Remember too that self-care activities are important because looking after yourself is the only way for you to be able to look after others (See below – you can’t pour from an empty cup!). So when looking at what is important, look at what you need to do for your family, for others but think about yourself too.
2- Give priority to those important things.
There is a lovely image to explain that.
Imagine you have some big stones and some sand and you want to carry them in a bucket. If you put the sand in the bucket first, you won’t be able to put many big rocks in there. But if you start with the rocks, you will be able to put the sand around the rocks in the bucket and carry them both together.
Same goes with the important things you want or need to do. Like the rocks, you need to put them first. Put them on your calendar or in your diary. Tell everyone that every Monday evening, you go to your yoga class. Just like a meeting at work, make it non-negotiable. It’s there and you can’t move it.
Then all the not-so important things go second, around the big things. If there isn’t enough space in the bucket/in your day, they will have to wait or maybe they won’t be done at all. And It’s OK because the important things have been done.
3- Learn to delegate.
It often feels like we can do everything or even that we ‘should’ do everything. It could be doing all the housework when children could look after their own bedroom/things or trying to decorate the entire house on our own. Delegating means been able to juggle our energy levels better. It means giving the opportunity to someone to step up and support us. It also means freeing up some time to do other (important!) things.
4- Sacrificing sleep for ‘getting things done’.
I see that one very often at the clinic. It’s usually women who tell me they are exhausted but can’t go to bed any earlier because they need to do x, y and z and the only time they can do it is in the evening.

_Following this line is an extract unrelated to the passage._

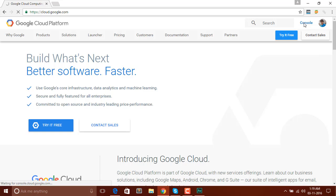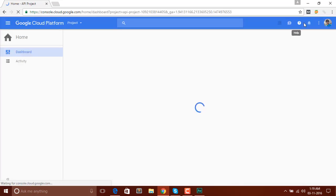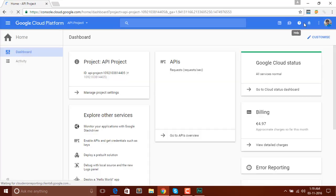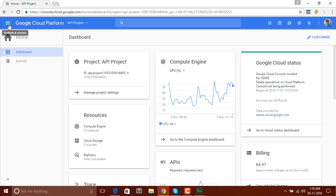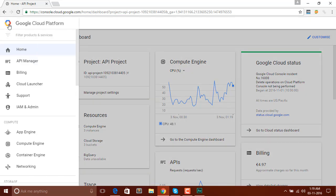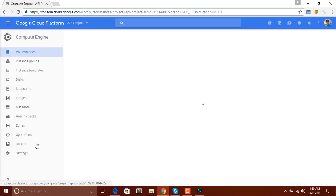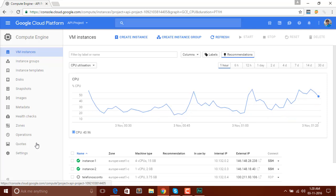I have already created an account here, so at the top right corner you can see the Console button — click on that. When you see a screen like this, select the menu at the left side and select Compute Engine. I have already created some instances here, and in this tutorial we are going to create a new instance.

This is not OK. Sleep should be one of your non-negotiable, important things that will take priority over most things (bar a child that is been ill etc… you get the just of it).
So, establish a routine that allows you to have enough sleep every night of the week. Decide how many hours you need (for most people this will be between 7~8 hours) and stick to it.
5- Remember you can’t pour from an empty cup
Trying to do everything and running ourselves down only means that we won’t have the energy left to do the things that really matter to us. Looking after ourselves, saying NO to some demands, allows us to be there for what will really make a difference. To spend time with our family, nurture our friendships, and generally look after ourselves as we would look after a child.
Over to you
What about you? Do you know what are the activities you find nourishing and uplifting?
Are you clear about your own priorities, what is important for you this year and you much you can give to other pursuits that aren’t on the top of your priority list?